“Do you mean that if I didn’t want him fetched you wouldn’t go?”
“I mean that. I would let some one else go.”
“Why not let some one else go now, then? A man on an island must be fetched. Why should you make it a personal thing?”
“Because I want everything between you and me to be personal. I want my chance, that’s all. You say a man on an island must be fetched. Do you realize that for me to do it is an act of heroism? Supposing it would suit me that Hastings should stay forever on the island, what then? Suppose that in fetching him off the island I know I destroy my one chance of happiness, and I still fetch him—for your sake—what does that argue?”
“I can’t argue—I hate it. He is cold and wet—he is cold and wet because I behaved like an idiot—he must be fetched.”
“Many a time during the last few days I have wished to drown him.”

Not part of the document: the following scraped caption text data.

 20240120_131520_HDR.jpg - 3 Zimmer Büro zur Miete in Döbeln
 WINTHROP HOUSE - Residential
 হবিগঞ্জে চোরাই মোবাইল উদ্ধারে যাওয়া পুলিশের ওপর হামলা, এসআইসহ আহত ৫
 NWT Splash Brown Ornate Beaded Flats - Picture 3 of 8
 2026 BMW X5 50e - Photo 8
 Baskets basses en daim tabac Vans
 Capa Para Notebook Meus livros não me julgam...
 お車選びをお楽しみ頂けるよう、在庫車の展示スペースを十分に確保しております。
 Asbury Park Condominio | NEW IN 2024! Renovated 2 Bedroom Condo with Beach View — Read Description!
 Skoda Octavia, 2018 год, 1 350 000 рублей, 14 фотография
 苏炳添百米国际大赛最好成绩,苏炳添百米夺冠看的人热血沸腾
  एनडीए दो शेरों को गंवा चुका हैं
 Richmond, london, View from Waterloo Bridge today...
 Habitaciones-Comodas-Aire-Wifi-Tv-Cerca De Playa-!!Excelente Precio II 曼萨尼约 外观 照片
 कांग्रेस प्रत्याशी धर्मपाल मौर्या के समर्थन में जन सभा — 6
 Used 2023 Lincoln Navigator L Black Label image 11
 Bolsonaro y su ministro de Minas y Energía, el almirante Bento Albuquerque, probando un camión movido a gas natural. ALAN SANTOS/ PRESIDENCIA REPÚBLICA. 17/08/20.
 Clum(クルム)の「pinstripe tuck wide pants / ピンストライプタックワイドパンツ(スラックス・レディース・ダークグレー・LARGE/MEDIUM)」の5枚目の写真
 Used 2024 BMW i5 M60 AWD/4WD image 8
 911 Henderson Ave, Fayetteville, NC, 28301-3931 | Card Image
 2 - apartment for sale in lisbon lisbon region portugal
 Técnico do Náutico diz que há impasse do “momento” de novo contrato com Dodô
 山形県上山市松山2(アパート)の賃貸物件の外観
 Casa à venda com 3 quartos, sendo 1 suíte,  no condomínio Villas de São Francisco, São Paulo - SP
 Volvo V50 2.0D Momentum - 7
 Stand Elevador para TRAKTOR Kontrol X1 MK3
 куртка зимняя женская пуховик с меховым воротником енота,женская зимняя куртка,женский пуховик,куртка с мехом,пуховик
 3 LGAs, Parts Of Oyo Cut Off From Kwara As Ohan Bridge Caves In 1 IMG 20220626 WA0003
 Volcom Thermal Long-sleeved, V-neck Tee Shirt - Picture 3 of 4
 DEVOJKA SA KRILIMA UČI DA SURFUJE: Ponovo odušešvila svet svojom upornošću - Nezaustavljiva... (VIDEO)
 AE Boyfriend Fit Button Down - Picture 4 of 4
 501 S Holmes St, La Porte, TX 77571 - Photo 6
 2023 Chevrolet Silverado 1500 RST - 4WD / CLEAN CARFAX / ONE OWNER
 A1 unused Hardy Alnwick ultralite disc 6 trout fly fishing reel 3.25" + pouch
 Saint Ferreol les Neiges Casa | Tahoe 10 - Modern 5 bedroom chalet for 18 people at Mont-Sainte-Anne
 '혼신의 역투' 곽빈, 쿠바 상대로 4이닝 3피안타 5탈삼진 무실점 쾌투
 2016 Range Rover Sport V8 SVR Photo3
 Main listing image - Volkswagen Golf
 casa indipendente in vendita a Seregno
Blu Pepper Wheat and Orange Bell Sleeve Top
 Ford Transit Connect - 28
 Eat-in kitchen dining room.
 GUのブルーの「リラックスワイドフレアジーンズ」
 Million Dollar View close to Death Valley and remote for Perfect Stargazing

Diana said she didn’t believe him, but he assured her it was true. “Just as heartily as he has wished to drown me,” he added.
That Diana refused to believe.
“No? Well, then, his position is evidently more assured than I imagined it, and he is a more fortunate man than I am—he can afford to be magnanimous. Well, I am going to fetch him for your sake—you can’t rob me of that nobility of character—I shall fetch him in order to make you happy—just as I would do anything else in the world to make you happy. It will make you happy—I should like to be certain of that—before—”
Diana said of course it would make her happy that any one cold and miserable should be made warm and happy, “But I don’t want you to run any danger—that I wouldn’t face myself. I will come with you.”